Ted Cruz: I’m not a part of the ‘Washington cartel’

Sen. Ted Cruz rejected the idea that he was once part of the “Washington cartel” he now castigates, saying Tuesday he has always considered himself a conservative even if not a “firebrand.”

The Republican presidential candidate disputed the idea that because he had represented now-House speaker John Boehner and worked in the George W. Bush administration that he was somehow a moderate In an interview with CNN’s Jake Tapper on “The Lead.”

“I think what people will see reading the book is consistent principles through every stage of my life,” said Cruz as he promoted his new book, “A Time for Truth,” which hit bookshelves Tuesday.

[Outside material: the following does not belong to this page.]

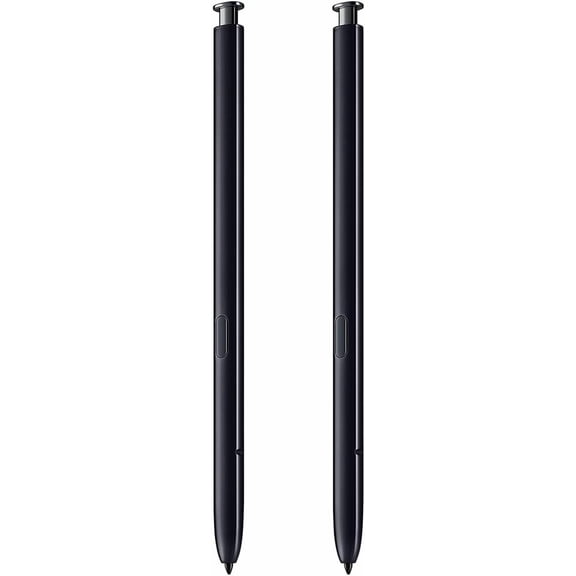 EFFFERTWQL-2 Pack Note 10 S Pen Replacement for Samsung Galaxy Note 10/Note10 Plus/Note 10 5G Stylus Pen Touch S Pen 4096 Levels of Pressure Sensitivity withoutBluetooth(Black)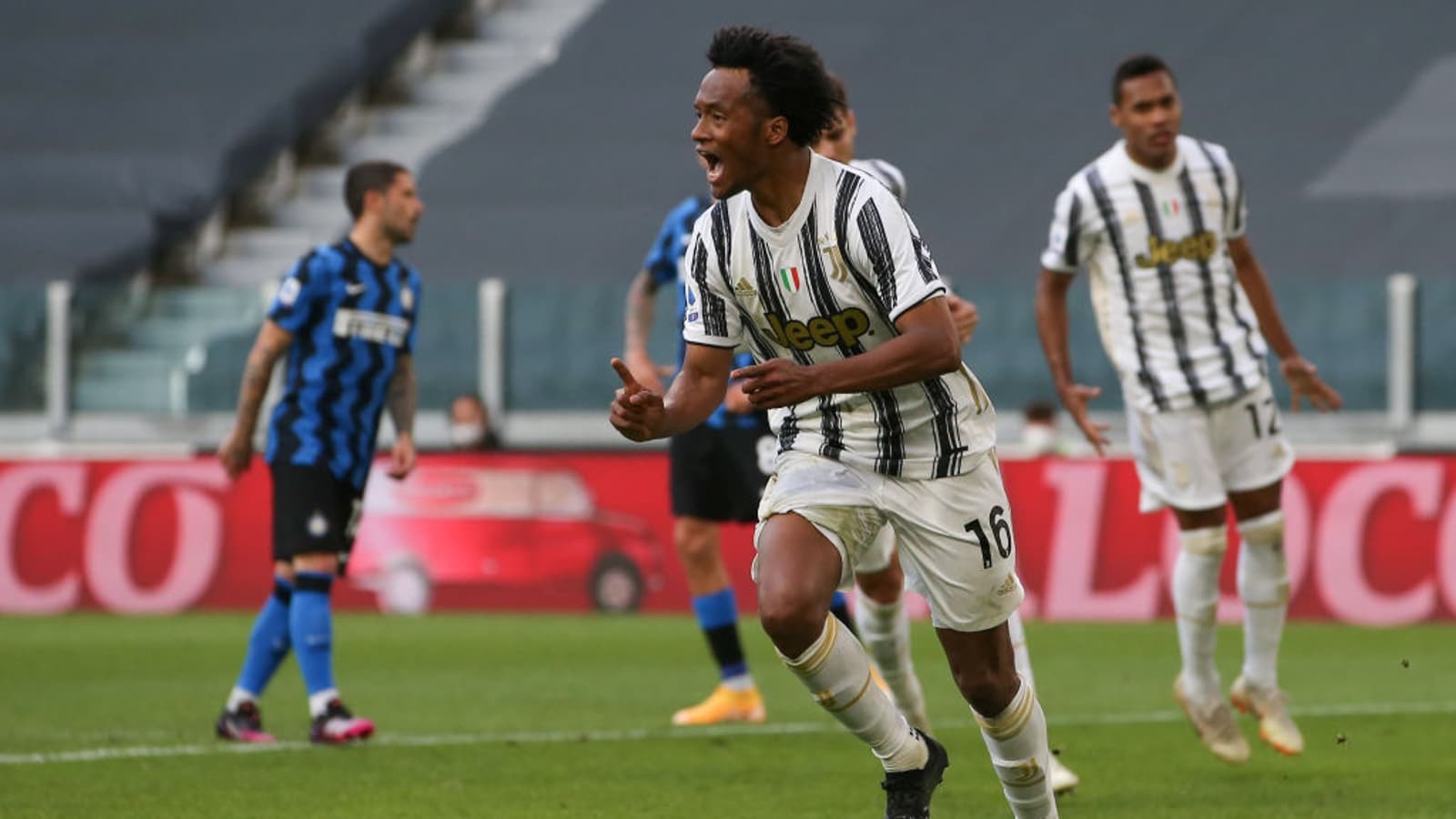 Juventus - Inter 3-2 - Calcio - Rai Sport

“I get that in Washington people like to play the cynical games, and they like to impugn people’s motives, and that’s the way the ‘Washington Cartel’ works,” he said. “It projects almost in a Freudian projection what they’re doing on other people.”

Cruz refuted Tapper’s assertion that he was a “firebrand,” responding he had never maligned a fellow senator.

But many of his colleagues feel differently — Sen. John McCain once called Cruz a “wacko bird” — and the freshman Texas senator is deeply disliked by many in Washington power circles.

Now though, Cruz is looking to turn that frosty relationship into a selling point on the stump. Cruz lumps together much of his party into the “Washington Cartel” he ridiculed this past weekend in Iowa, and his new book criticizes GOP leadership as often spineless and feeble.

Cruz has also thrown the Supreme Court — whose recent decisions he excoriates — into that lot. Cruz has called for judicial retention elections that would subject justices to the voters every eight years.

When asked by Tapper if he would vote for Chief Justice John Roberts in a hypothetical election, Cruz declined to answer.

“One step at a time,” Cruz told Tapper. “If they were doing their job, if they were honoring their judicial oaths, then it wouldn’t be necessary. Unfortunately the justices have injected themselves into politics.”

Roberts — who Cruz has spoken very highly of until recently — voted to uphold the subsidies that lie at the heart of Obamacare last Thursday. Cruz said President Barack Obama mischaracterized the law’s impact by saying it would reduce the average American family’s premiums by $2,500 a year.

“Listen, any family who’s premiums have dropped $2,500, you should vote for Hillary Clinton. I’ll take everybody else,” Cruz told Tapper. “And you know we’ve never had a presidential election decided 100 to nothing, I’m happy to start with 2016.”